What I want: a universal de-notification button. “Click here if you do not wish to receive any notifications, from anyone, for the rest of your life.”

How to read weather forecasts in central Texas: If the chance of precipitation is

  • 100% — there’s a 66% chance of rain
  • 75% — there’s a 33% chance of rain
  • Anything below 75%, it ain’t gonna rain

Oh, also here’s my handy guide for people who think they might want to read Pynchon but find the prospect intimidating.

My ginormous essay on Thomas Pynchon, theologian has escaped its paywall and is available for all to read on the open web. I hope it will generate some useful conversations.

Me: (excitedly explains something I read about Churchill and FDR)

My son: You know, Dad, I think it’s a law of nature that every American man, at some point between age 50 and age 70, gets obsessed by World War II.

Me: I guess this is my time?

My son: Looks like.

more on SCOTUS and university admissions

Just a few random thoughts about the Harvard opinion. (On this blog I tend to avoid opining on current events, but I am endlessly fascinated by the law, by legal reasoning, and by the various strategies of legal interpretation. As Stanley Fish discovered a long time ago, there’s much overlap between literary and legal interpretation. I caught the bug from him.) 
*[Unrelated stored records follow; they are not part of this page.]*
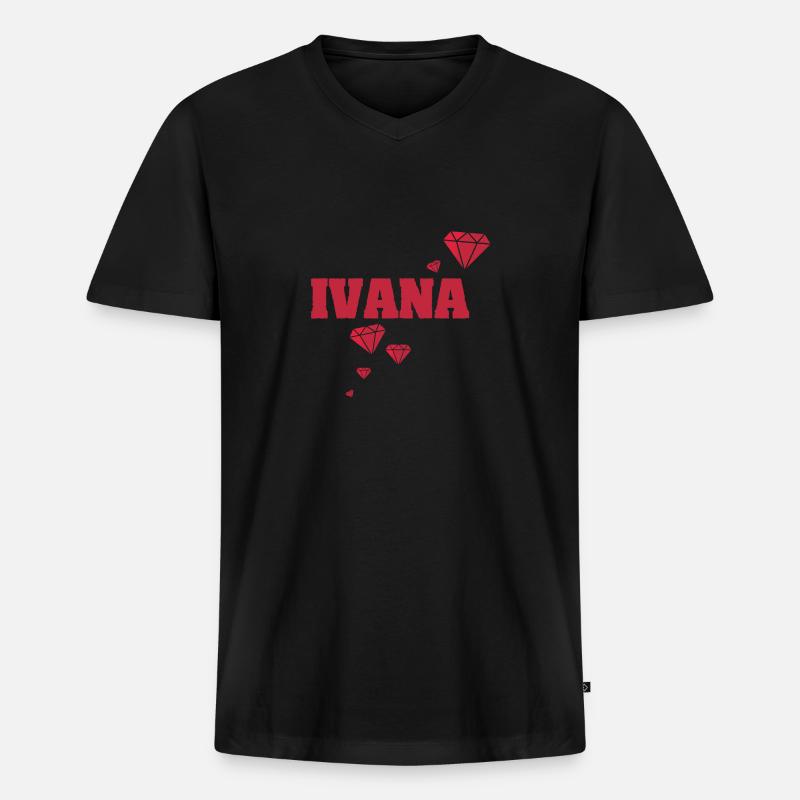 Ivana - Männer Premium Bio T-Shirt mit V-Ausschnitt - Schwarz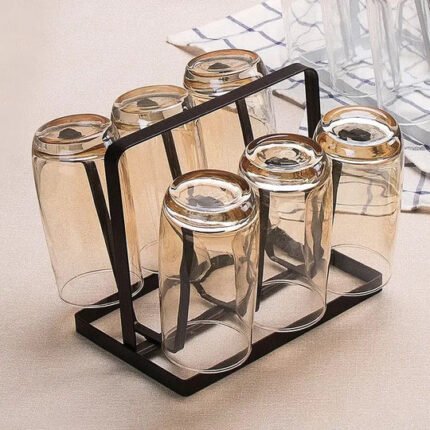 Iron Glass Stand, 6 Hooks Cups Mug Glass Stand Holder, Metal Cup Drying Rack Shelf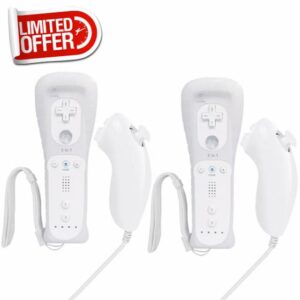 DSYJ Motion Controller for Wii Replacement Remote Built in Wii U Motion Plus Remote Controller and Nunchuck 2 Sets White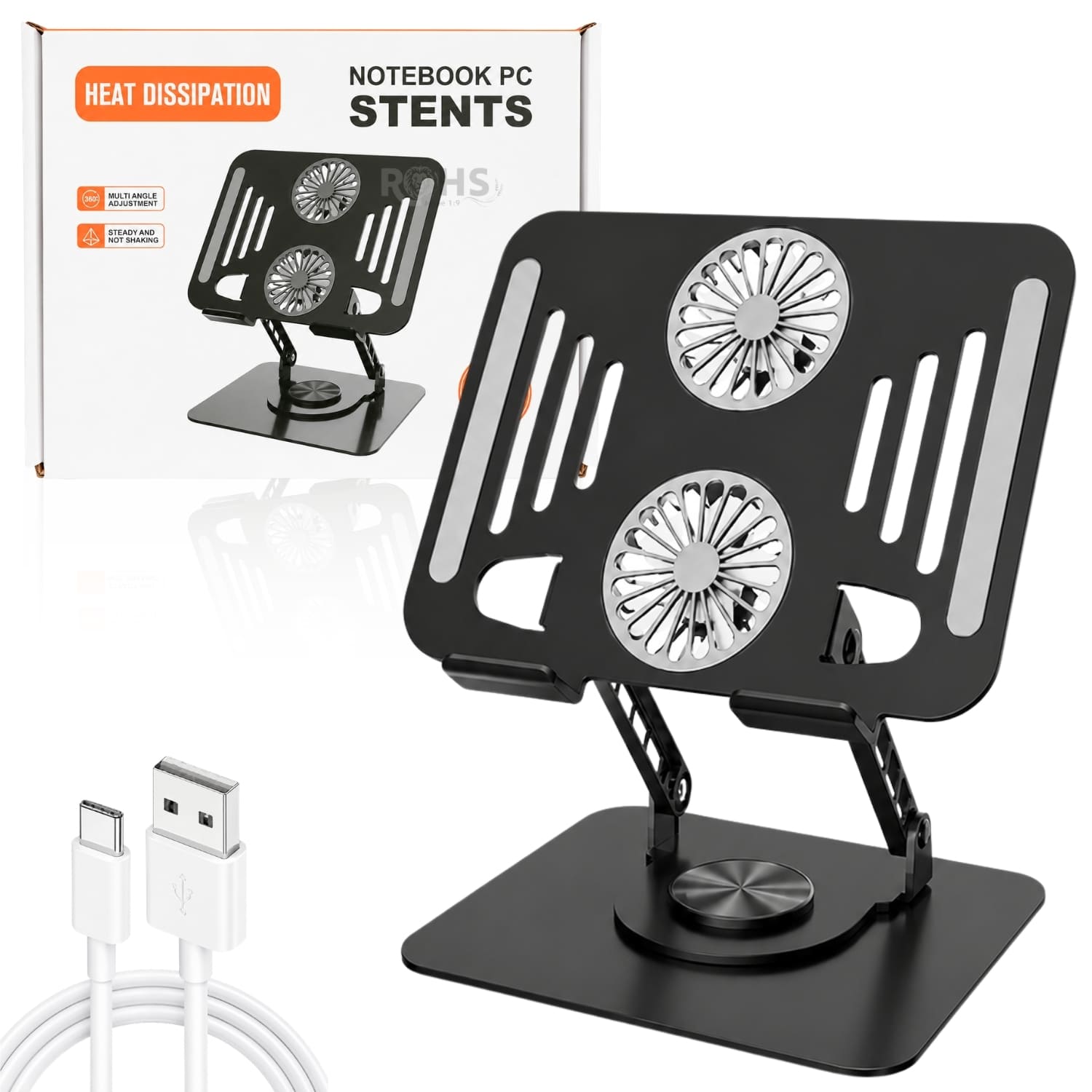 SOPORTE NEGRO PARA LAPTOP DE ALUMINIO CON BASE GIRATORIA 360° - 1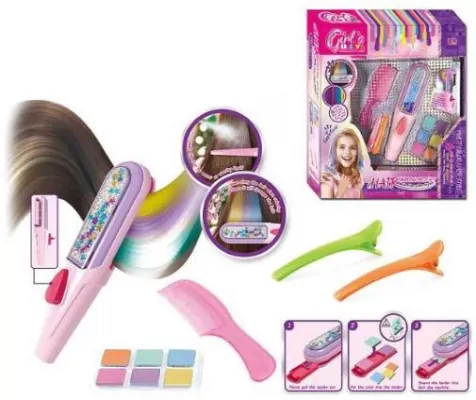 Kreda do kolorowania włosów + akcesoria Stylizacja włosów, Mała fryzjerka BZP7839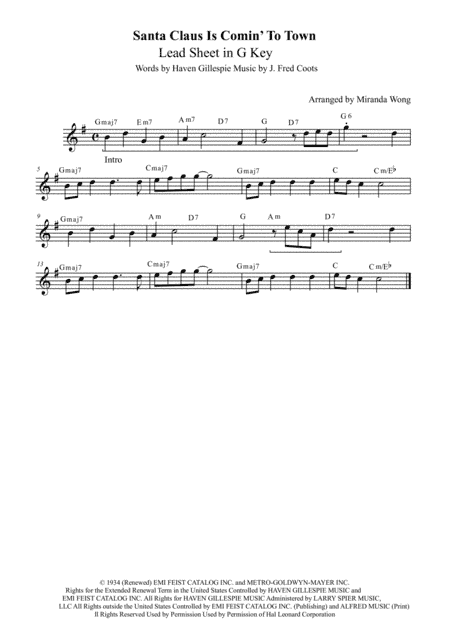 Santa Claus Is Comin' To Town (arr. Miranda Wong)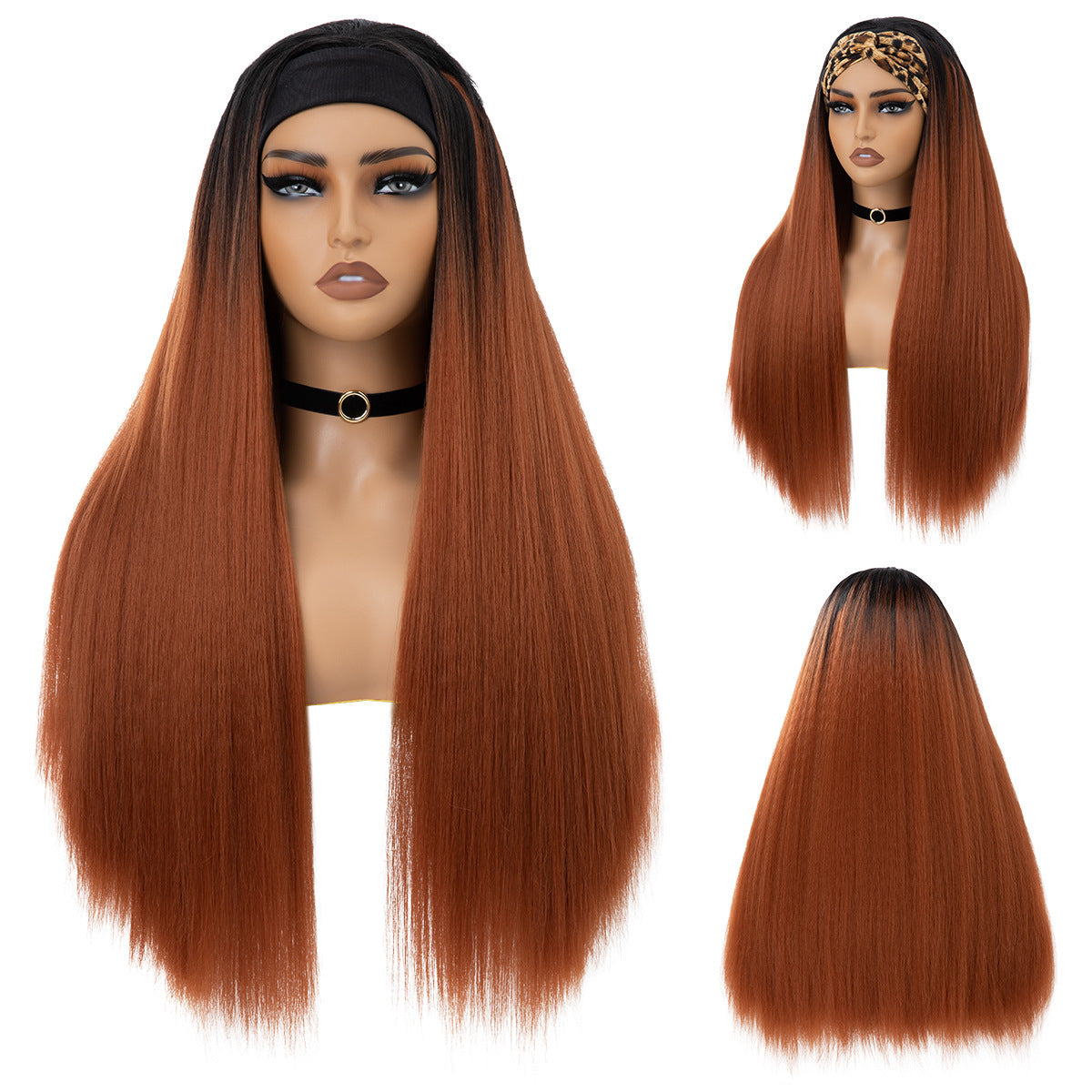 Popular Female Black Simulation Fluffy Headband Long Straight Wig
In Sotomayor’s dissent, she describes the majority opinion in this way:

Today, the Court concludes that indifference to race is the only constitutionally permissible means to achieve racial equality in college admissions. That interpretation of the Fourteenth Amendment is not only contrary to precedent and the entire teachings of our history, see supra, at 2–17, but is also grounded in the illusion that racial inequality was a problem of a different generation. Entrenched racial inequality remains a reality today. That is true for society writ large and, more specifically, for Harvard and the University of North Carolina (UNC), two institutions with a long history of racial exclusion. Ignoring race will not equalize a society that is racially unequal. What was true in the 1860s, and again in 1954, is true today: Equality requires acknowledgment of inequality.

The problem is that this description is wrong. Indeed, later on she walks some of this back, admitting that “The majority does not dispute that some uses of race are constitutionally permissible. See ante, at 15. Indeed, it agrees that a limited use of race is permissible in some college admissions programs.” So the majority opinion does not demand “indifference to race” (even if Justice Thomas would probably like it to).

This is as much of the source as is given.